The Top 3 Reasons to Run LSF Command bpeek 2017-08-27T14:31:52+00:00

The Top 3 Reasons to Run LSF Command bpeek

With LSF, as an end user, you have some tools and methods to inspect jobs while they are running.

An example would be using the bpeek command.

bpeek shows you the standard output and standard error output produced by an unfinished job at the moment in time it is invoked. Three reasons why you would run this command:

  1. It is useful in monitoring the progress of a job and identifying errors.
  2. It gives you a chance to see if your job is valid (or buggy) so that you can decide to let it complete or to perhaps kill it so that you can avoid wasting time.
  3. It also can help you determine which files are being processed at a given point in time which can also be useful in troubleshooting any real or perceived file system (GPFS, Lustre, Quobyte) issues.
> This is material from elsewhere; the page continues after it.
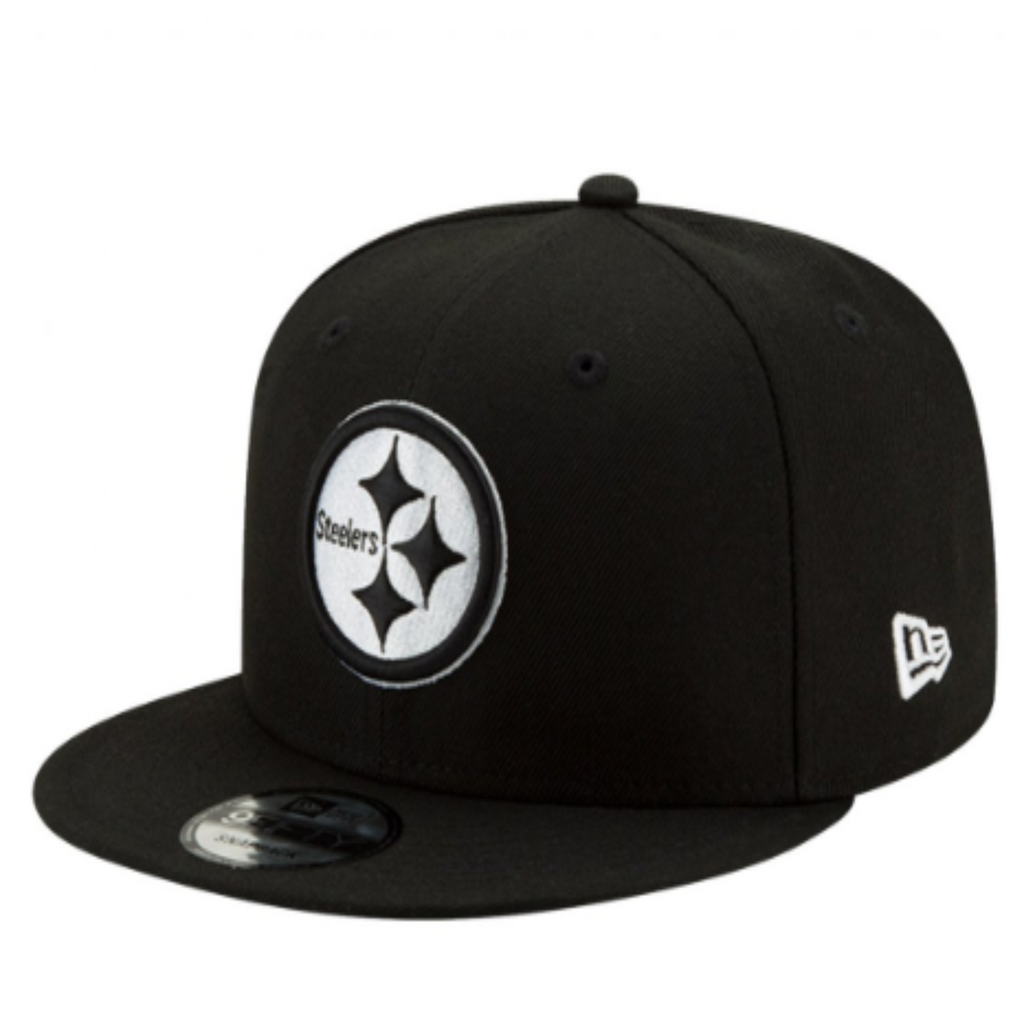 Pittsburgh Steelers New Era Black & White 9FIFTY Snapback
bpeek [-f] [-q queue_name | -m host_name | -J job_name | job_ID | “job_ID[index_list]”]  

Options

Options/Flags Description
-f Displays the output of the job using the command tail -f.
-q queue_name Operates on your most recently submitted job in the specified queue
-m host_name Operates on your most recently submitted job that has been dispatched to the specified host.
-J job_name Operates on your most recently submitted job that has the specified job name.

The job name can be up to 4094 characters long. Job names are not unique.

The wildcard character (*) can be used anywhere within a job name, but cannot appear within array indices. For example job* returns jobA and jobarray[1], *AAA* [1]returns the first element in all job arrays with names containing AAA, however job1[*] will not return anything since the wildcard is within the array index.

job_ID | “job_ID[index_list]” Operates on the specified job.

 

-h Prints command usage to stderr and exits
-V Prints LSF release version to stderr and exits.

 

An example would involve a script that you submitted as a job (Ex: job ID 2574378).  There is an error in the script (perhaps a missing path to command or the command you wish to run does not exist on the compute node) that would not necessarily cause the script to end or fail suddenly, but the results you expect to see may not be correct. In other words, it worked in your test environment, but bpeek can help you determine that it may not work on the cluster and you (or your cluster admin) may have to install some additional software on the compute nodes.

[bpappas@login.morgan ~]$ bpeek -f 2574378

<< output from stdout >>

./date_into_file.sh: line 6: 1: command not found

./date_into_file.sh: line 6: 1: command not found

./date_into_file.sh: line 6: 1: command not found

./date_into_file.sh: line 6: 1: command not found

./date_into_file.sh: line 6: 1: command not found

./date_into_file.sh: line 6: 1: command not found

./date_into_file.sh: line 6: 1: command not found

./date_into_file.sh: line 6: 1: command not found

./date_into_file.sh: line 6: 1: command not found

./date_into_file.sh: line 6: 1: command not found

./date_into_file.sh: line 6: 1: command not found

./date_into_file.sh: line 6: 1: command not found

./date_into_file.sh: line 6: 1: command not found

The above output indicates that a command is failing to execute repeatedly during the job. This is not intended to replace an error log, rather a mechanism to see executions errors in the job as it is running.